Preclinical data suggest that LPD002 meets expectations, with safety profiles highlighting its design advantages. At the cellular level, the drug produces almost no activation in resting T-cells, fulfilling the original intent of the alpha-biased design.

Furthermore, pharmacokinetic data show that its half-life is longer than that of the control molecule (2149), with superior safety. This means that clinical dosing can achieve more stable plasma concentrations and a broader therapeutic window, lowering treatment risks.

LPD002 pharmacokinetic data

In terms of efficacy, LPD002 has also performed exceptionally well.

Studies indicate that the drug is highly specific toward T-cells, effectively inducing STAT5 phosphorylation and promoting cell proliferation in activated CD4+ and CD8+ T-cells, with biological activity levels comparable to the control molecule. In in vivo cell line-derived xenograft (CDX) models, LPD002 similarly demonstrated potent anti-tumour activity, not only significantly inhibiting tumour growth but even achieving complete tumour clearance.

Although these are preclinical results, LPD002 has delivered satisfactory outcomes across all metrics. On the premise of comparable efficacy, it has further optimised the safety margin, already demonstrating the potential of a differentiated molecule.

As an upgraded version of IO therapy, LPD002 not only bolsters tumour-immune potency, but its tolerability and long-acting nature also provides an excellent foundation for future combinations with ADCs or other targeted drugs. With the sector heating up, the potential value of LPD002 continues to rise.

Lepu Biopharma: Constant Evolution over Chasing Trends

Having examined these two molecules, a pattern emerges when looking back at Lepu as a company: while its R&D focus has remained steadfast on ADCs and IO, the pace of its technological evolution has been remarkable.

The first stage was defined by single-target ADCs and broad-spectrum IO. Pucotenlimab (PD-1) and MRG003 (EGFR ADC) are the hallmarks of this period; both products have transitioned to the commercial stage, helping the firm establish its foundational clinical and commercial capabilities while achieving its first annual profit.

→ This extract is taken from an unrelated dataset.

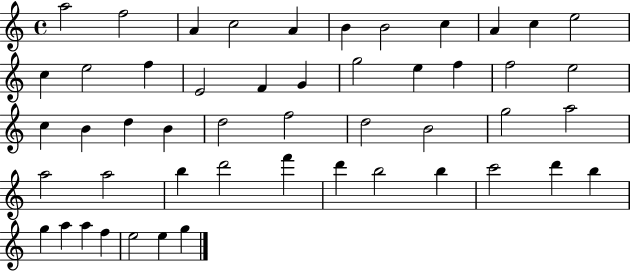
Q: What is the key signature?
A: C major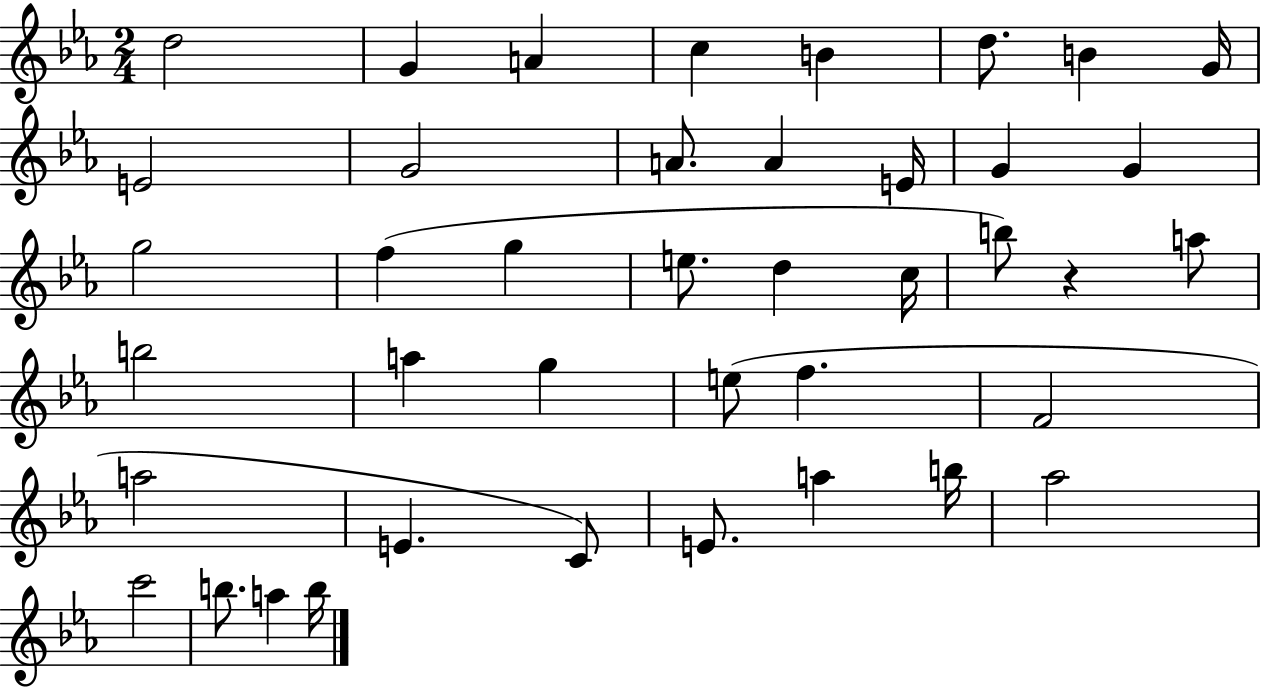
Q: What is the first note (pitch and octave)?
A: D5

However, Lepu has not limited itself to the advantages of its current portfolio. Instead, it has maintained a long-term commitment to foundational technological innovation. Over the past few years, the company has diligently refined its R&D platforms — introducing next-generation conjugation technologies, optimising payloads, and enhancing antibody engineering capabilities. This has gradually built a more stable and reproducible R&D system, nurturing a wealth of high-quality pipelines.

These unnoticeable accumulations are the true reason the company was able to rapidly launch MRG008 and LPD002.

Lepu’s R&D strategy has become increasingly clear: identify the critical bottlenecks within known pathways for each direction, and then design targeted solutions.

MRG008 aims to solve the coverage issues for low or negative EGFR expression, while LPD002 addresses PD-1 therapeutic potency and IL-2 toxicity. These are authentic clinical pain points rather than attempts to chase trends, an approach that demands a high level of clinical insight and technical proficiency from the R&D team.

Based on the information available, the design concepts and preclinical data for both MRG008 and LPD002 provide a compelling case.